The imaging modality that we employed offers several unique advantages in critically ill patients. First, it is time efficient and inexpensive. Second, it requires minimal patient participation and thus it can be performed on critically ill patients in contrast to previously described modalities such as MRI and contrast-enhanced ultrasound. Moreover, the low cost of such modalities is also promising. But availability of the nuclear agent, namely, 99mTechnetium mixed with albumin, is the imaging technique's main limitation.

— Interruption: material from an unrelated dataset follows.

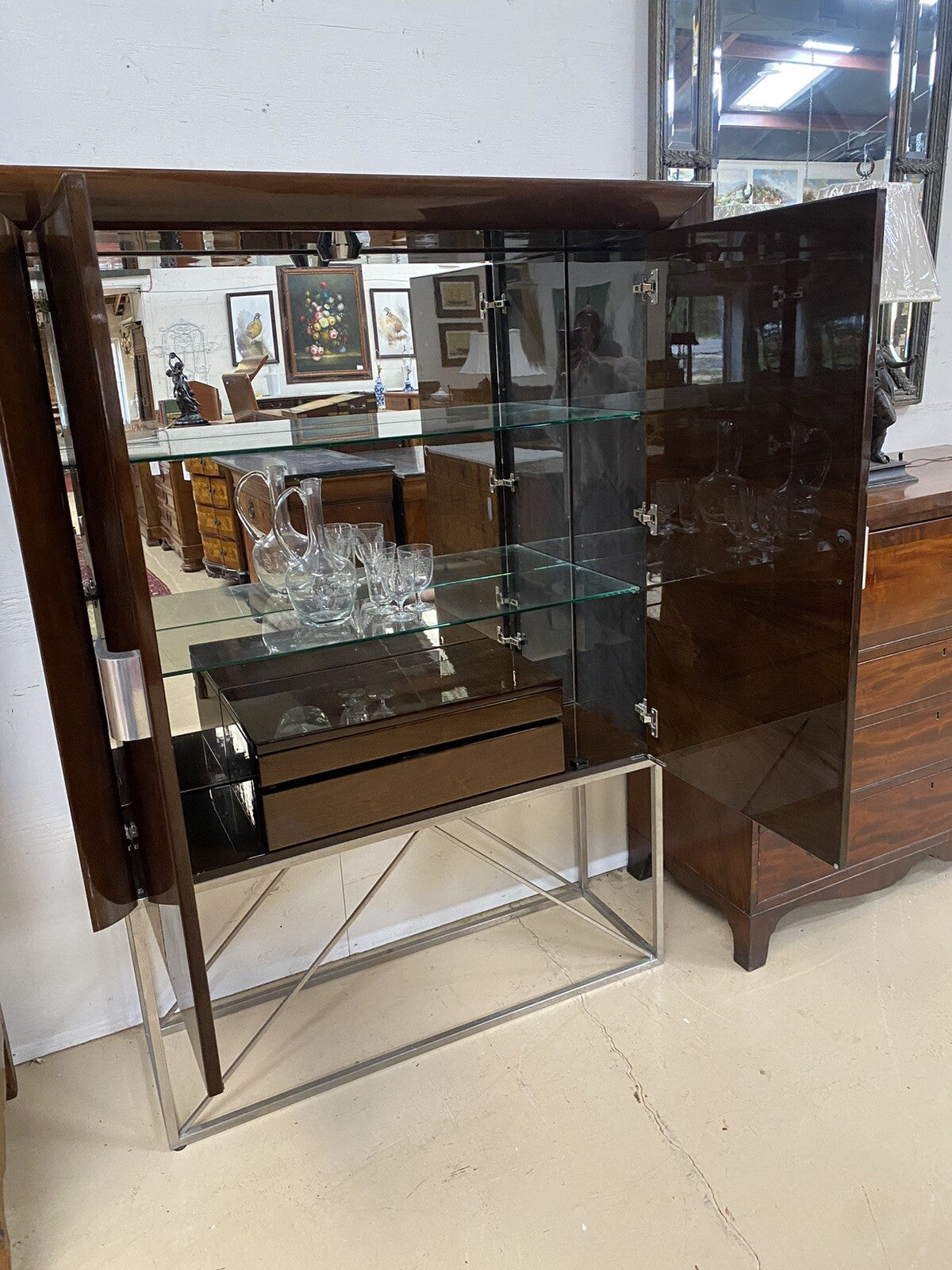 5th AVENUE BY MALERBA ITALIAN LACQUERED MAHOGANY LIQUOR DISPLAY CABINET BAR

Identifying the diaphragmatic perforations early in the clinical course is essential to evaluate life-saving intervention and potential repair. Repair would include procedures such as chemical pleurodesis [6, 11] or video-assisted thoracoscopic surgery (VATS) [8]. Matono et al. described the clinical outcome of a patient who remained free of pleural effusion for over a year after closure of the diaphragmatic defect with sutures via VATS [8]. Liang et al. used a Dacron heart patch trimmed to appropriate size to close the lesion with minimal pleural effusion afterwards [9]. Such potential repair techniques offer a promising future for patient population with large diaphragmatic defects.

In conclusion, following MWA if a patient develops respiratory distress and a significant pleural effusion, early detection of diaphragmatic perforation using a nuclear peritoneal shunt study can be life-saving. This imaging is possibly the essential step between diagnosis and immediate intervention to avoid fluid and electrolyte depletion and respiratory clinical deterioration.